A Grim Ritual at the Baghdad Morgue
As the visiting families enter the guarded room, a technician sprays a flowery fragrance over them, attempting to mask the faint smell that permeates the Baghdad morgue.
Four computers and a flat-screen television, arranged in front of rows of blue plastic chairs, reflect women draped in black and men wearing polished shoes shuffling into the cramped room and squeezing into the seats.
Eyes wide, the visitors lean forward, closer to the screens. Tongues click with pity and disapproval. Image after image of unidentified murder victims flashes by at heartbeat speed. A widow raises a pink Kleenex to her mouth.
The visitors fall silent.
Photos show blue-faced men who have been handcuffed, gagged and tortured. Headless corpses and limbs. Bulging eyes. Bullet holes. Charred faces, frozen in a scream.
The room opened in 2004 to help the morgue identify the bodies arriving by the hundreds from all over Iraq. July 2007, just over a year ago, was the deadliest month, with more than 2,000 victims. At that time, a line of wives, husbands, mothers and fathers waiting for their turn in the room wound through the hallways.
Visitors have passed out and thrown up.
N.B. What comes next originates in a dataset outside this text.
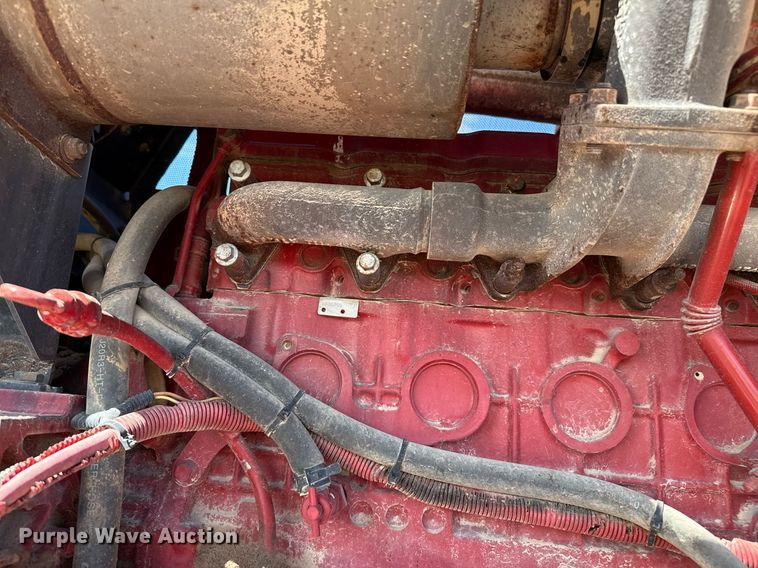 image for item DK6959 2009 New Holland H8080 swather / windrower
Many shake or scream. One smashed the back window in rage. An employee says his nightmares have changed from images of the lifeless bodies, which he now knows by heart, to the heartbroken faces of the families he watches over every day.
Now, another nightmare. A woman, eyes deep in black circles, falls to the floor. She recognizes her18-year-old son, who was engulfed in flames after an IED explosion four days ago. He had been fixing his bicycle at the side of a road. Police took his body to the morgue before the family arrived on the scene.
A white-haired man in the room continues to scrutinize the screens. A full year's worth of images, thousands of images, reflect in his thick glasses. Craning his neck, he squints and tilts his head and tries to recognize something familiar. A piece of clothing. A tattoo. Placing the memory of his son on every frame.